Hij draaide zich hoopvol om. 'A-Arachne! Luister, het spijt me echt heel erg. Ik had me niet met jouw zaken moeten bemoeien en dat zal ik ook niet meer doen.' De engel klonk zo smekend dat ik niet veel anders kon doen dan naar hem glimlachen.

'Nee, het spijt mij. Ik... ik reageerde echt veel te heftig. Ik had mijn redenen, maar die wist jij niet, dus sorry daarvoor.' Ik voelde hoe ik begon te blozen. Snel keek ik weg, maar hij had het toch al gezien.

'Hopelijk waren die redenen goed. Wist je niet dat iemands hart breken een misdaad is?'

Ik trok een wenkbrauw op. 'Weet je, ik kan nog veel meer breken. Je vleugels bijvoorbeeld.'

'Oei.' Hij grinnikte. 'Is dat een bedreiging, Arachne...?'

Ik realiseerde me dat ik nooit mijn achternaam had verteld. Waarschijnlijk omdat hij het toch niet uit kon spreken. 'Garmr. Arachne Garmr.'

Kosmos' poging tot het uitspreken van mijn naam klonk inderdaad als een soort gerochel. 'Ik houd het bij Arachne, als je het niet erg vindt.' Hij glimlachte. 'Zit er nog een betekenis achter je achternaam? Aangezien je voornaam die wel heeft.'

'Tja, volgens mij was het een van de hellehonden. De mythische poortwachters van de Hel.'

'Ik heb meer met katten!' riep Raicho, dwars door ons gesprek door.
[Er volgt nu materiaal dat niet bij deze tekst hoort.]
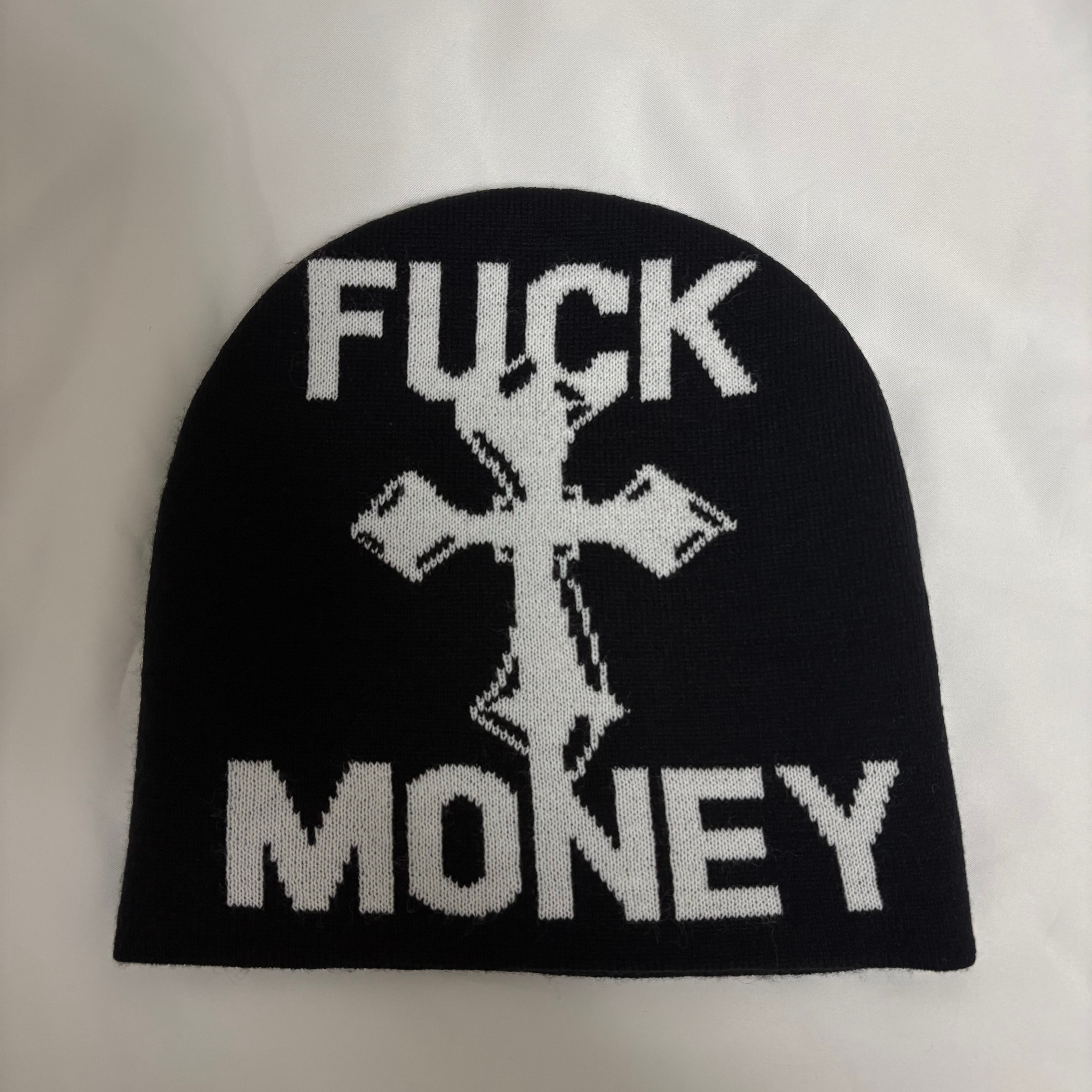 シュプリーム ファック マネー ビーニー "ブラック"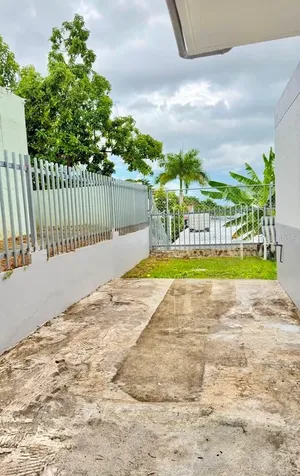 Calle 5 Parque San Miguel Bayamon PR 00959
Kosmos barstte in lachen uit, waarschijnlijk door een of andere grap die ik niet kende. 'En de rest van jullie achternamen?' zei hij toen hij zijn gezicht weer in de plooi had. 'Die van ons zijn vaak vernoemd naar sterrenstelsels of weersverschijningen. Eigenlijk net als onze voornamen, maar dan pakken ze vaak de wetenschappelijke benamingen, zoals Nimbostratus.'

Ik dacht aan de andere achternamen die ik kende. Ornits achternaam was een van de weinige. In de Hel spraken we elkaar vaak aan bij de voornaam, maar voor commandanten gold een uitzondering.

'Holda', zei ik toen. 'Ook iets uit de mythologie, volgens mij.'

'Ah, je kent Ornit.' Ik schrok me zo erg dood toen Raicho dat zei, dat ik bijna over mijn eigen voeten struikelde. Waarom had ik zijn naam nou genoemd? 'Vreselijke gozer. Hij viel mijn bataljon aan in de vorige Oorlog en vermoordde de helft. Ik heb nog steeds nachtmerries.'

Kosmos stond meteen op scherp, dat zag ik aan zijn alerte, blauwe ogen die mijn gezicht peilden.

'Hij heeft... zijn manieren.' Ik probeerde het zo neutraal mogelijk te zeggen, maar faalde daarin. 'Ornit is niet zo erg als je aan dezelfde kant staat.'

Raicho snoof. 'Nou, ik hoop dat we hem niet tegenkomen. En anders is hij voor mij. Ik heb nog een appeltje met hem te schillen.' Als Raicho Ornit nou gewoon omlegde, dan zou alles een stuk eenvoudiger worden. Dan kon ik terug naar mijn bataljon; naar Bath, Bello en de anderen. Maar dan zou de commandant zijn geheim wel meenemen in zijn graf.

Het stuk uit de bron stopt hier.